Also ich habe im Kernel, noch das Ati Radeon Display Support eingebaut.

Es funktioniert mehrmals ohne Fehler umzuschalten.

Welche Versionen benutzt du denn?

----------

## ConiKost

 *Max Steel wrote:*   

> Also ich habe im Kernel, noch das Ati Radeon Display Support eingebaut.
> 
> Es funktioniert mehrmals ohne Fehler umzuschalten.
> 
> Welche Versionen benutzt du denn?

 

Welche Versionen?! Von was?  :Very Happy: 

Kernel: 2.6.24-gentoo-r2

xorg-server: 1.4.0.90-r3

xf86-video-ati: 6.6.3

v86d: 0.1.3-r1

ATI Radeon Display Support hab ich nicht aktiviert.
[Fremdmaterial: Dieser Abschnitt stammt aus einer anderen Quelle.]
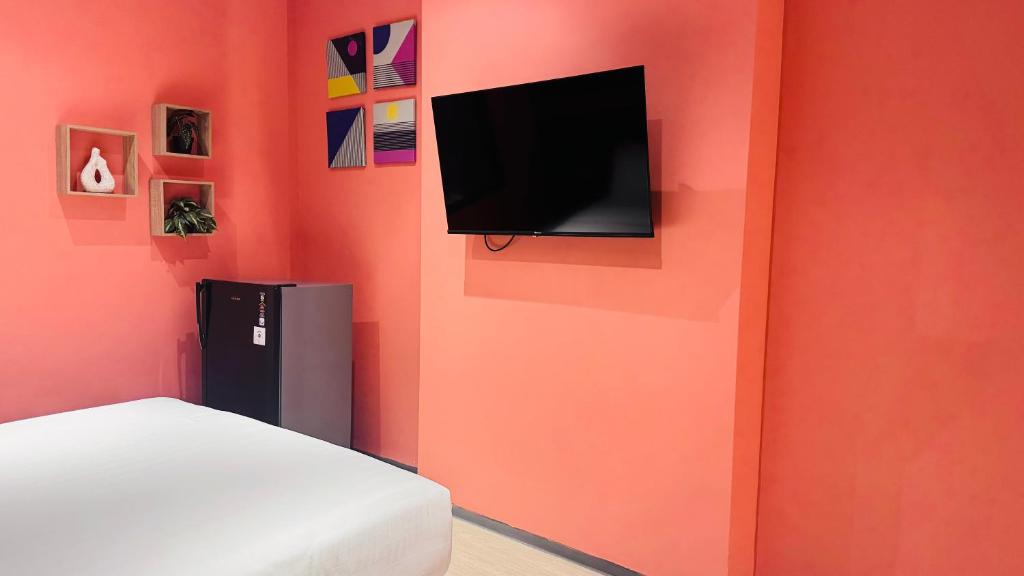 TV a/nebo společenská místnost v ubytování Yellow Bee Resort Cililitan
Aber das ist doch eigentlich nur ein alternative framebuffer treiber?

----------

## Max Steel

mag sein, aber ich für meinen Teil bekam ohne nicht einmal einen FBSplash hin.

Jedenfalls benutze ich das ohne Probleme, meine Versionen kann ich gerade nicht ansagen (bin unter Windoof unterwegs)

----------

## firefly

 *Max Steel wrote:*   

> mag sein, aber ich für meinen Teil bekam ohne nicht einmal einen FBSplash hin.
> 
> Jedenfalls benutze ich das ohne Probleme, meine Versionen kann ich gerade nicht ansagen (bin unter Windoof unterwegs)

 

hast du es mit uvesafb schon probiert? http://de.gentoo-wiki.com/HOWTO_fbsplash

----------

## Max Steel

das läuft ja auch, eben ohne Ati Radeon gings nie, aber das ist nicht mein Thread.

----------

## firefly

 *Max Steel wrote:*   

> das läuft ja auch, eben ohne Ati Radeon gings nie, aber das ist nicht mein Thread.

 

dann ist was bei der konfiguration schiefgelaufen, aber du hast recht das gehört hier nicht hin.
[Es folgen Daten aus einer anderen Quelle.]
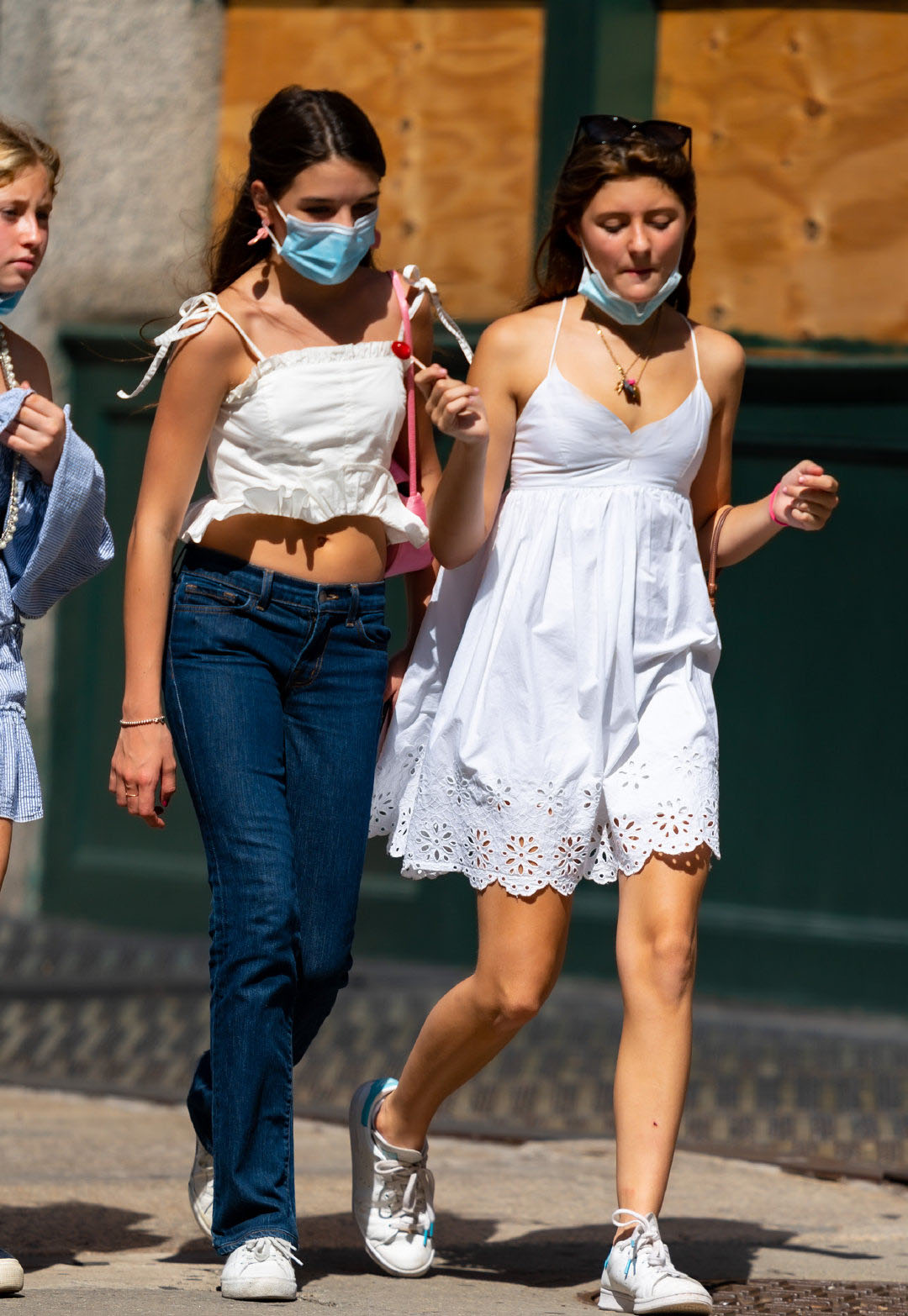 阿汤哥女儿苏瑞·克鲁斯穿吊带短上衣秀小细腿清新迷人真靓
Conikost: schonmal probiert ob es mit dem stabilen xorg funktioniert?

----------

## ConiKost

Was muss ich den alles für den stabilen xorg mergen?

Oder reicht nur den xorg-server 1.3.0 zu emergen?

----------

## firefly

 *ConiKost wrote:*   

> Was muss ich den alles für den stabilen xorg mergen?
> 
> Oder reicht nur den xorg-server 1.3.0 zu emergen?

 

hmm vieleicht reicht das. Aber um sicher zu gehen sollten auch die restlichen X-libs auch auf stable gebracht werden.

----------

## ConiKost

Moin!

Ich habs nun mal versucht mit dem stabilen xorg Server. Löst mein Problem leider nicht  :Sad: 

----------